Each individual input feature in the mac's RF (here, the RF is just called the "input level") projects only to the units of its associated CM (gray bundles), i.e., there is a 1-to-1 association of input features to CMs (so in Figure 1, there are only 100x40=4000 bottom-up weights)
A code will consist of one winner in each CM whose corresponding input feature is active. As shown in Figure 1b, in these studies, each individual input (a frame of a sequence) has only 20 (out of 100) features active. Thus, all codes activated (and thus, stored) consist of 20 active units, one in each of the 20 CMs whose corresponding input feature is active on that frame.

Note that although the bottom-up (U) connectivity scheme of the model of Figure 1a differs from that of the current version of the model, the horizontal connectivity scheme is the same, i.e., all mac units project to all other mac units except those in the source unit's CM. Thus, in the depicted model, there are 4000 x 3960 = 15,840,000 H weights (a tiny sample of which suggested by the green arrow sprays). Figure 1b shows the nature of the random sequences used in these studies. Each input sequence has 10 frames and 20 out of 100 features are chosen randomly to be active on each frame.

Despite this variant architecture, we believe these capacity results would be qualitatively similar to those that would result for the general architecture case (i.e., full connectivity from input units to all of the mac's units, as seen on this site's other pages), that is, the number of inputs that can be stored increases faster-than-linearly in the units and linearly in the weights. Studies confirming this are on the list for near future projects.

images of mac and sequences used in capacity studies

Figure 1: (a) The model has Q=100 WTA CMs, each with K=40 binary units. Horizantal weights suggested by green arrows. (b) Example of a training sequence used to test capacity. All sequences had 10 frames on which 20 binary features were randomly selected to be active. Thus the code that becomes active on each frame will consist of 20 winners, one in each of the 20 CMs whose corresponding input feature is active on that frame. All sequences are presented once.

A further point to be aware of here is that when we test for recall accuracy of the learned (stored) sequences, we actually prompt the model not with a sequence's first input pattern, but with the mac code that was assigned to that first input pattern during the learning trial. We then let the propagation of H signals from that first (T=1) code reactivate the next (T=2) code, and so on for the rest of the sequence. The accuracy measure reported is in terms of mac codes, not reinstated input codes. And, note that while we are assisting the model by telling it which unit to pick in each of the 20 active CMs on the first frame of each sequence, the accuracy measure does not include that first (T=1) code. After the first frame, all code activations depend only on the learned signals propagating via the H matrix.

The Table and graphs below give the primary result which is that storage capacity (in terms of items, in this case, sequences):

Increases superlinearly in the number of units (L), as shown in Table column "E" and chart a
Increases linearly in the number of weights (chart b, which zooms in on the bottom two curves of chart a).
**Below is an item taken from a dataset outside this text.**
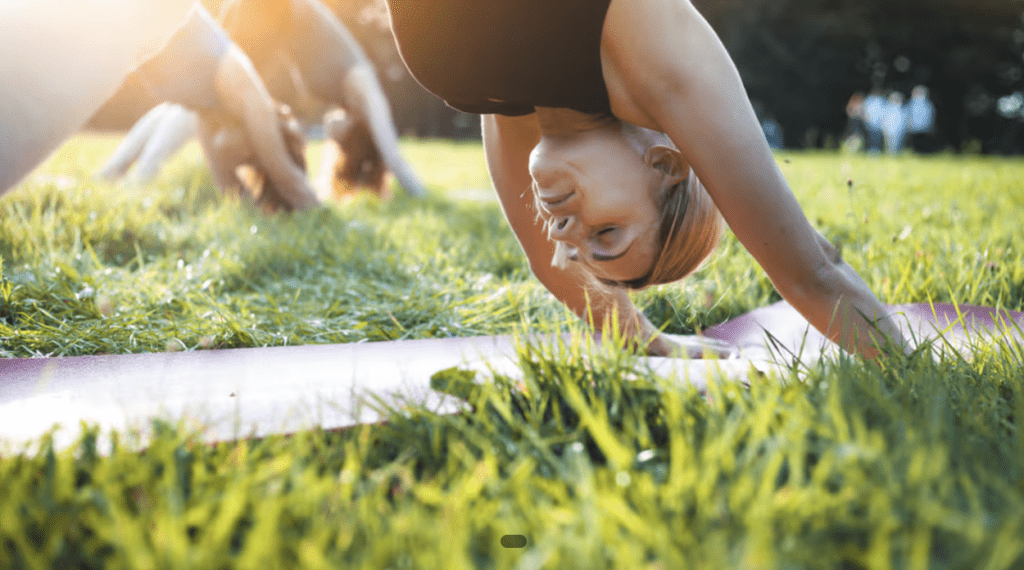 A group of people practice yoga outdoors on grass, with a woman in the foreground holding a downward-facing dog pose on a yoga mat in the sunlight.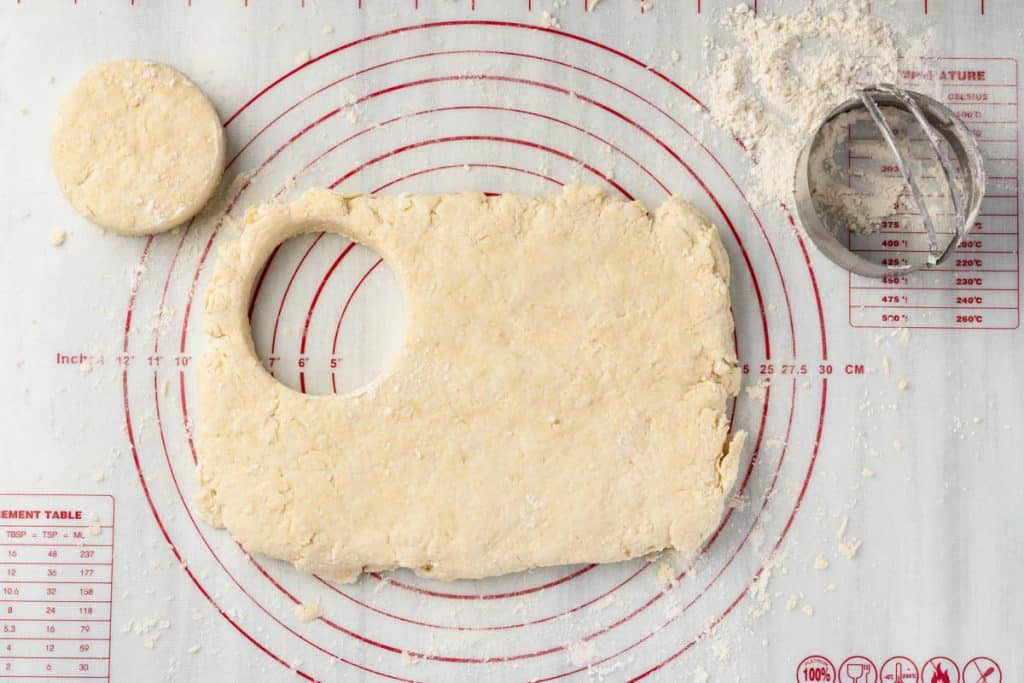 Cutting biscuits.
The table holds the data corresponding to the second lowest graph in chart a (labelled "UNC, STC=200", i.e., sequences were 10 frames long with 20 randomly chosen active features per frame; "UNC" means uncorrelated, which simply means that the active features were chosen uniformly at random on each frame). Each row represents the maximum number of such sequences storable while retaining average recall accuracy ≥ 97%, for a model of a given size. Model size, L and total number of weights (W, no column) systematically increases with row. Note: "L1" refers to input level, and "minc" ("minicolumn) is synonymous with "CM" (competitive module).
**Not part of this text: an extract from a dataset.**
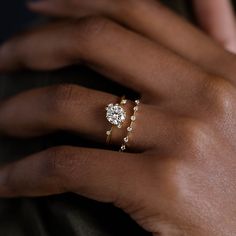 a woman's hand with two gold rings on her left and the other hand holding an engagement ring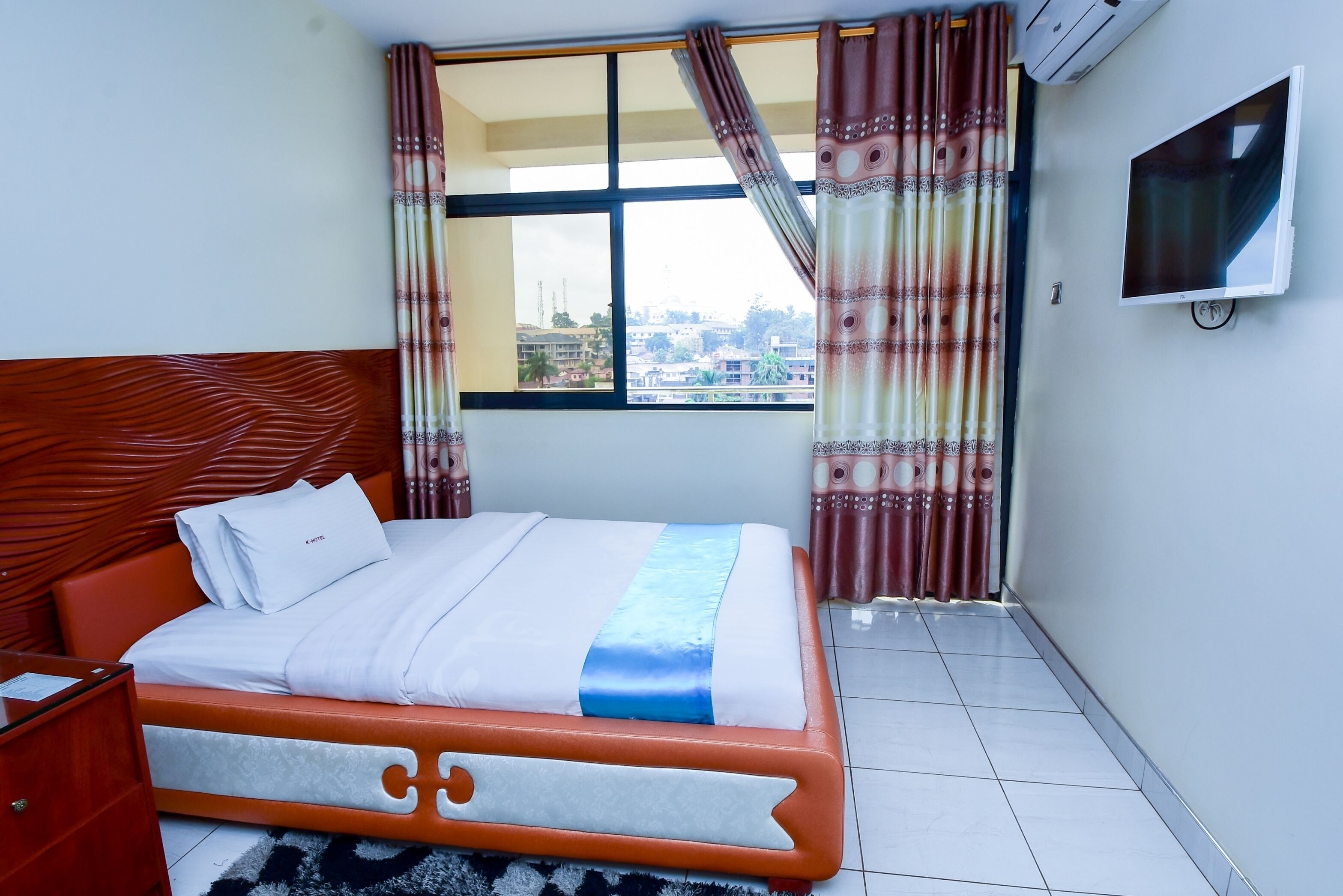 A hotel room with a bed, a TV, and a window with curtains.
It is also very important that we also tested the case of complex sequences (here, called "correlated patterns", denoted "COR") corresponding to the dashed lines in charts (table not shown). For the correlated pattern experiments, we first generated a "lexicon" of 100 frames (each a random choice of 20 of 100 features). Then we generated the 10-frame training sequences by choosing randomly with replacement from the lexicon. Hence, each lexicon element occured approximately 1% of the time. This is important because the complex sequence case corresponds to natural lanquage lexicons. It is essential that any sequential/temporal memory be able to store massive numbers of sequences composed of frequently recurring items, as well as frequently ocurring sub-sequences of items. For the rightmost red dot in chart b above, about 2700 such complex squences were stored, each with 10 frames (total of 27,000 frames), meaning that in that case, the 100 lexicon items occurred an average of 270 times each.

In addition, chart c shows that capacity in bits increases superlinearly in the weights. The amount of information contained in each sequence (for the UNC case), was computed as shown below.

Method for computing information contained in set of sequences

NOTE: This method overestimates the information contained in the whole set of sequences because it ignores the correlations (redundancies) amongst the set. We will attempt to find an approriate correction, but given that the sequences are completely random, we believe the overestimate may not be too severe. In any case, we believe that a bits/synapse value of this approximate value is quite tolerable for scaling to massive data sizes for at least two reasons: a) it comes in the context of a model with the more essential properties of being able to learn, with single trials, new sequences and retrieve the best-matching sequence in time that is fixed for the life of the model; and b) we expect the overall model bits/synapse value to increase significantly when hierarchy is leveraged. This latter point will be one of our research focuses going forward.